Tensions were high across Colombo, with police leave cancelled amid warnings street violence could break out if the president did not immediately summon parliament to end the impasse.
“Dont try to create a civil war in this country,” party legislator Karunarathna Paranawithana told reporters at the prime ministers residence.
Regional neighbours and Western nations have urged all sides to exercise restraint and respect the constitution.
But violence broke out inside the petroleum ministry as police guarding Minister Arjuna Ranatunga fired on a mob surrounded his office.
Witnesses saw Ranatunga, 54, also a former World Cup winning cricket captain, rushed from the scene in a tactical helmet and body armour by police commandos.
In his first televised address to the nation since the crisis began, Sirisena said Sunday he sacked Wickremesinghe over personal and political disputes.
“Apart from our ideological differences, we also had serious cultural differences,” Sirisena said, referring to Wickremesinghes liberal background and his own rural conservative upbringing.
He said he had no choice but to appoint Rajapakse, and urged parliament to support him.
Loyalists of Rajapakse—whose controversial decade-long rule was marked by grave allegations of rights abuses, the crushing of the Tamil Tiger uprising, and growing authoritarianism—were appointed Sunday to run the countrys two state-run television channels and a newspaper.
Plans to appoint some cabinet members had been delayed until Monday, aides said. Rajapakse is yet to make a formal statement since being elevated to the new post.
The strongman is seen as being closer to China than Wickremesinghe, who had sought to re-establish stronger ties with traditional ally and regional power India.
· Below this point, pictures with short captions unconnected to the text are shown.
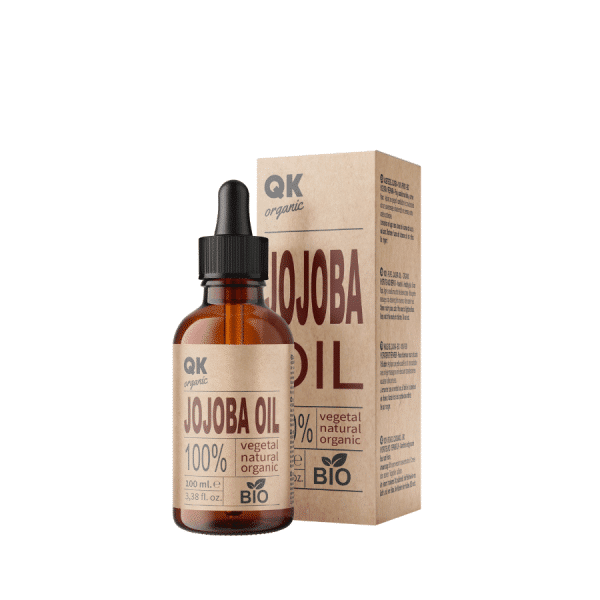 QKnatur Jojoba Oil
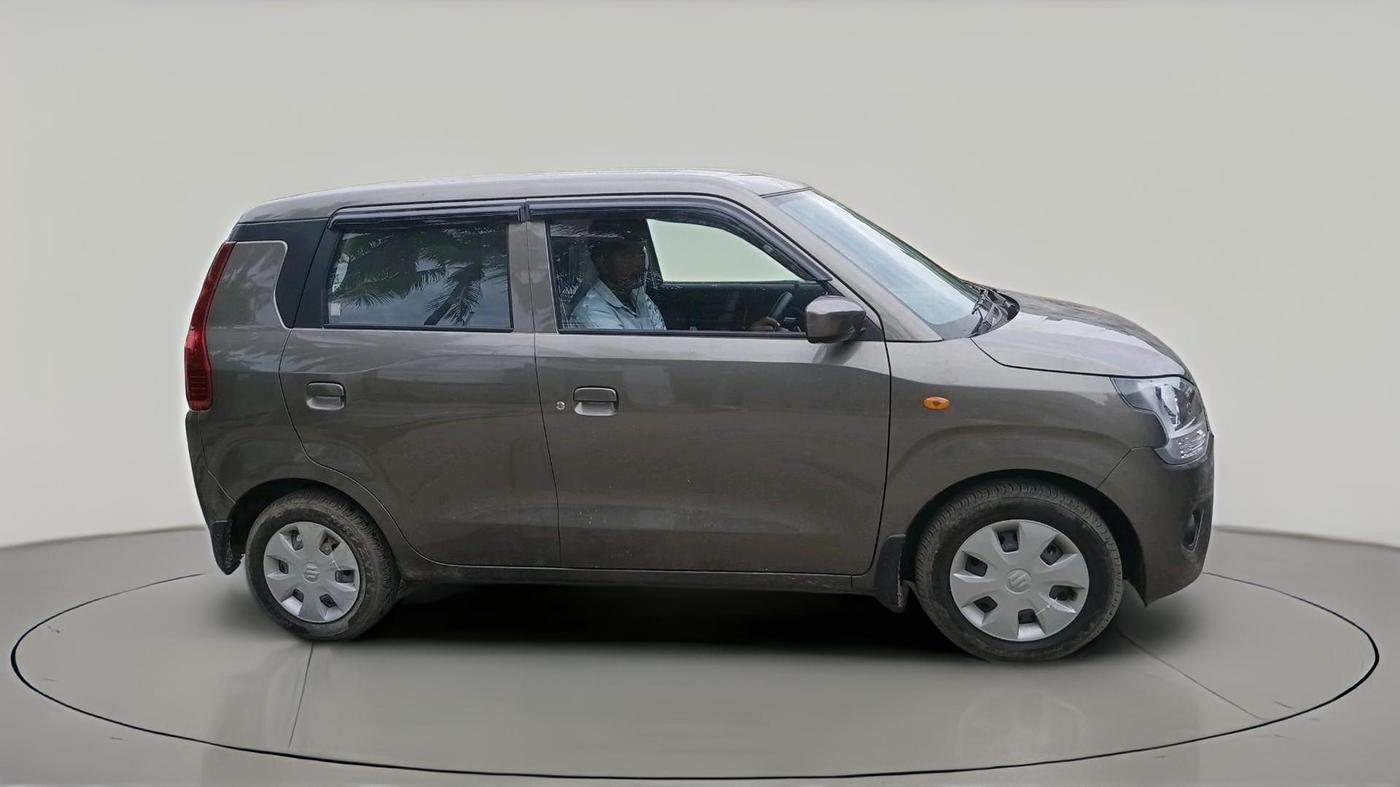 2025 Maruti New Wagon-R VXI CNG 1.0, CNG, Manual, 1,203 km, exterior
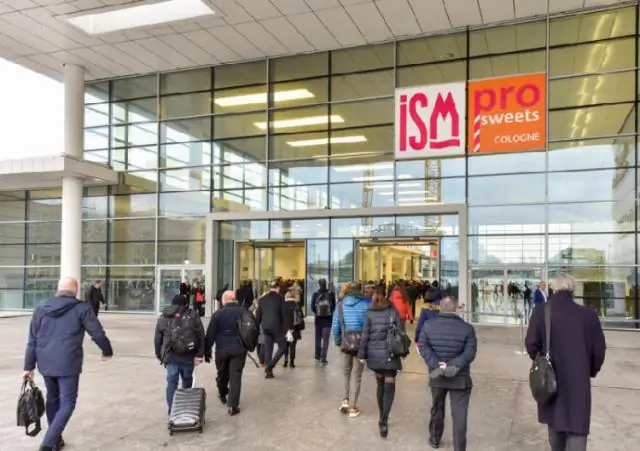 Выставка предлагает первоклассные конгрессы и привлекательную программу мероприятий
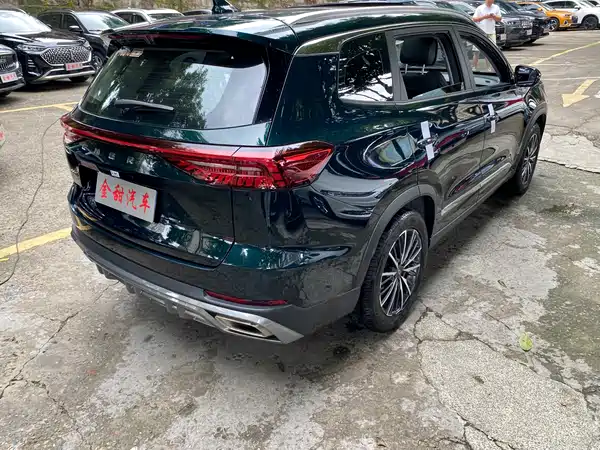 Chery Tiggo 8 PRO 2024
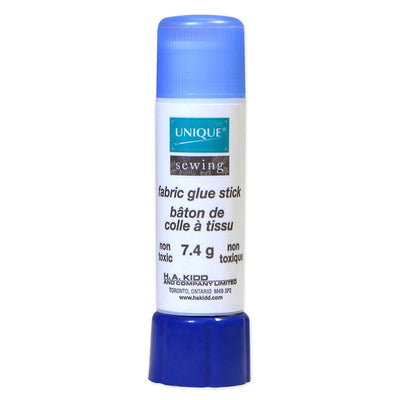 Temporary Fabric Glue Stick - Non-Toxic 0.04oz
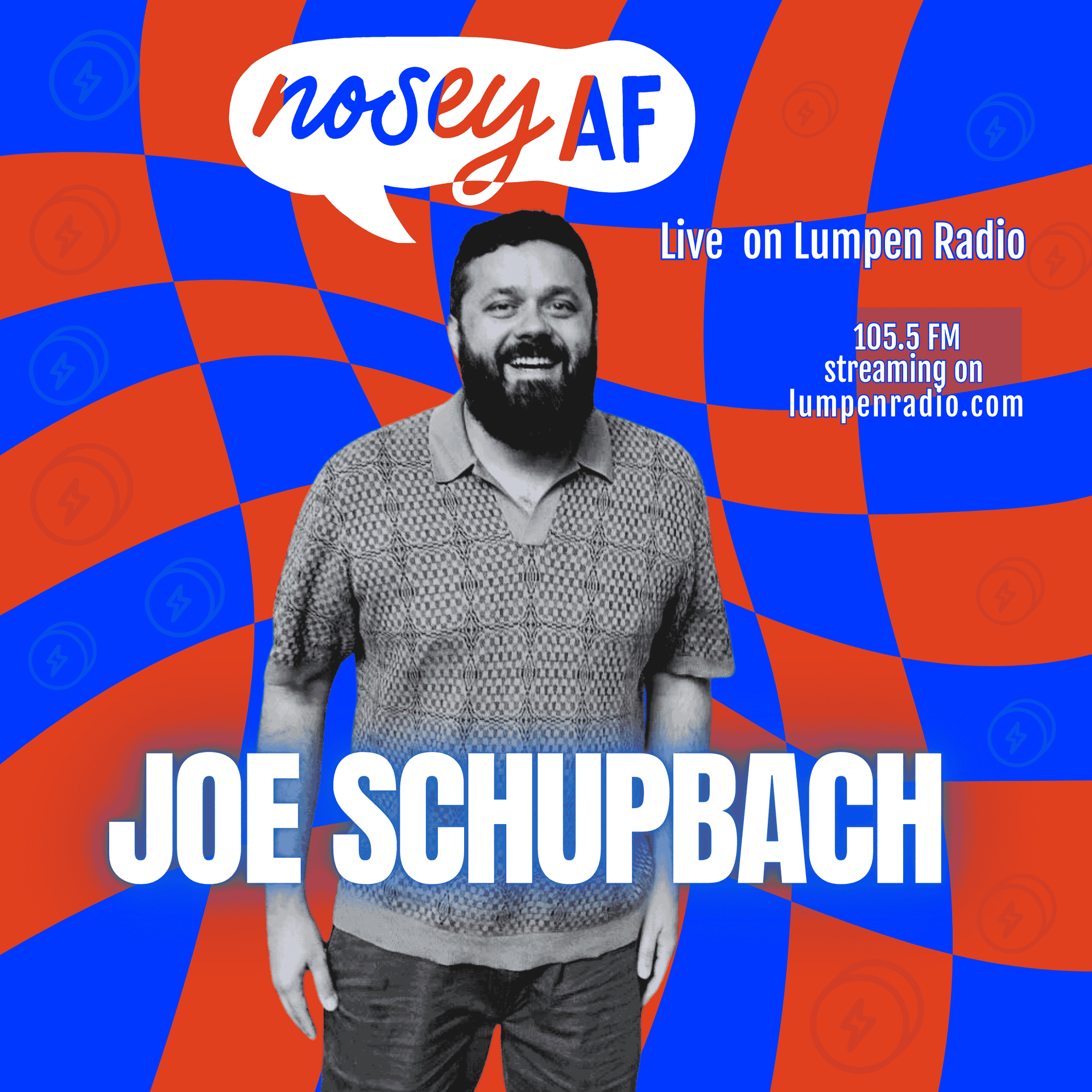 Joe Schupbach: Care Is the Curriculum - noseyAF: Conversations about Art, Activism, and Social Change cover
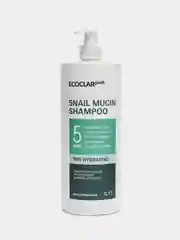 ECOCLARprofi / Профессиональный увлажняющий шампунь для волос, 1 л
New Delhi said it was “closely following” events in Colombo.
The United States and European Union ambassadors have called on the Sri Lankan rivals to follow the constitution and avoid violence.
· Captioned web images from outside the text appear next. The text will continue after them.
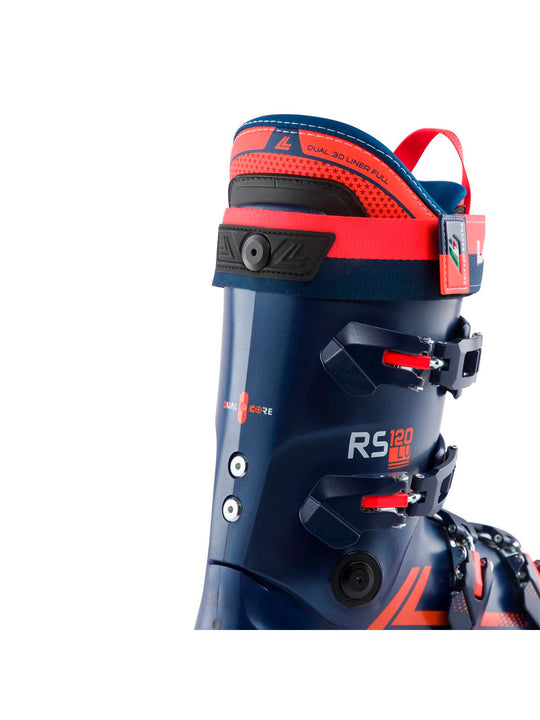 Buty narciarskie LANGE RS 120 LV - Legend Blue - Narciarskie - Adventure Sports
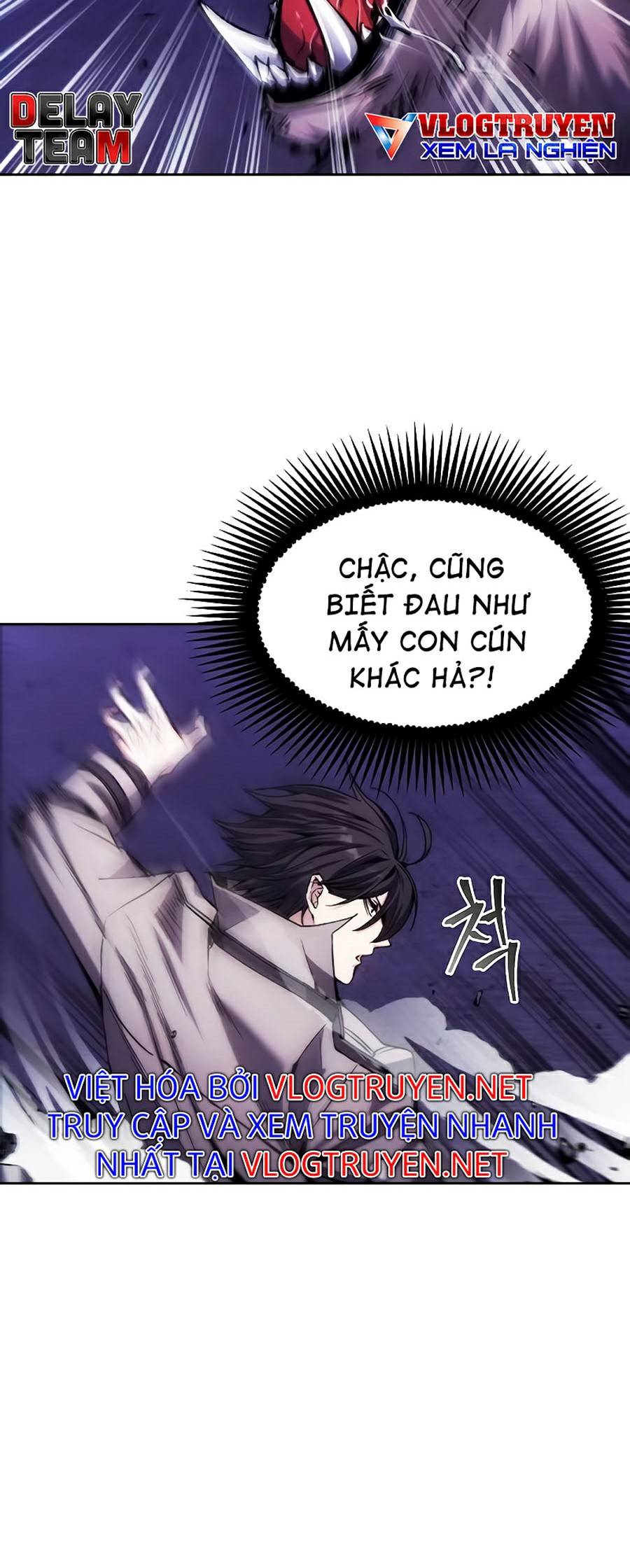 Tao Là Ác Nhân / Cách Sống Như Một Kẻ Phản Diện Chapter 3 - Trang 5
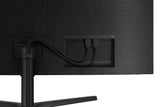 SAMSUNG LS34C502GAUXEN - Monitor 34" ViewFinity S5 S50GC, Ultra WQHD, 3440 x 1440, 21:9, HDR10, Certificado TUV (Eye Care), PBP/Pip, Tasa refresco 100Hz, AMD FreeSync, Diseño sin Bordes, Negro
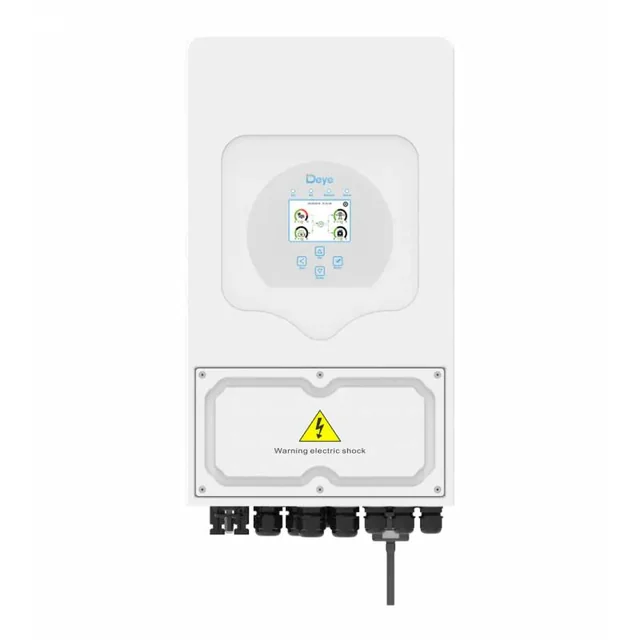 Deye SUN-5K-SG03LP1-EU | 5000W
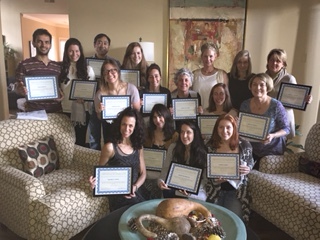Teacher Training 2015-2016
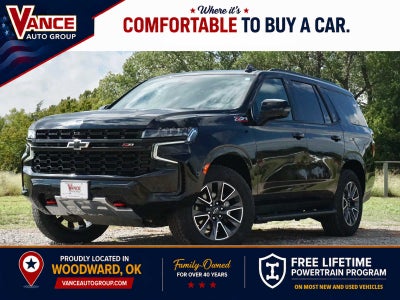 2023 Chevrolet Tahoe Z71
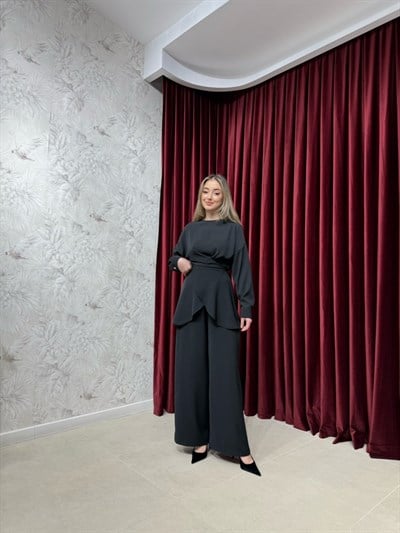 BBC MİSTY TAKIM - SİYAH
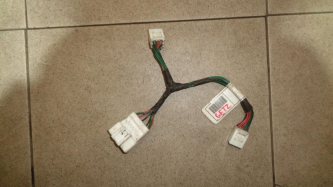Проводка Hyundai Getz TB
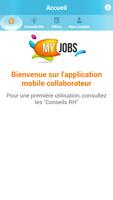 MYJOBS imagem de tela 1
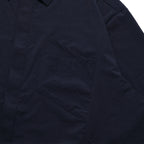 Capsule 02 / CT102 Nylon Layer Pocket Shirt (Navy)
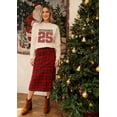 thumbnail image 4 of December 25 Sweatshirt, December 25 Shirt, Retro Christmas Shirts Women Man, 4 of 7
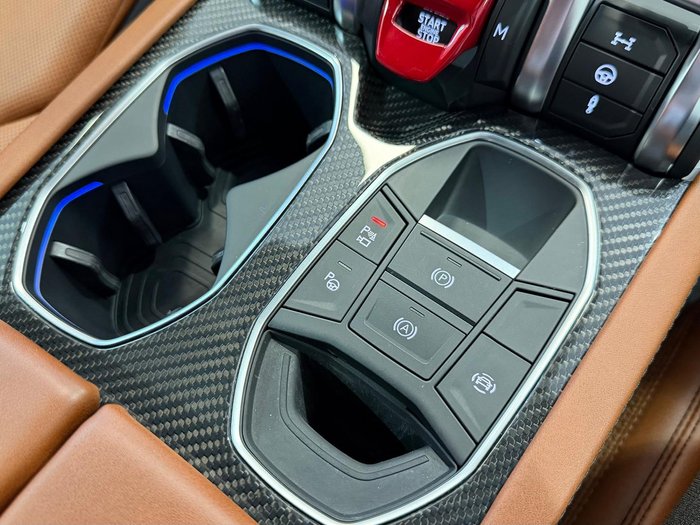 2021 Lamborghini Urus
Privately-run newspapers on Sunday described Sirisenas move as a “constitutional coup”.
However, Rajapakse loyalist and former foreign minister G. L. Peiris said there was nothing illegal about Wickremesinghes dismissal.
The falling-out between Wickremesinghe and Sirisena has come to a head since the president this year backed a no-confidence motion against the man he had handpicked to lead the government.
The two allied against Rajapakse in the 2015 election, but their relationship steadily soured.
Sirisena initially said he would be a one-term president but has since indicated he will seek re-election next year—pitting himself against Wickremesinghe who also has presidential ambitions.
This is the second time that a president has ousted Wickremesinghe from office. In 2004, the then head of state sacked him and called snap elections.
After winning the premiership in August 2015, Wickremesinghe amended the constitution to remove the presidents power to sack prime ministers to prevent a repeat of his earlier ouster.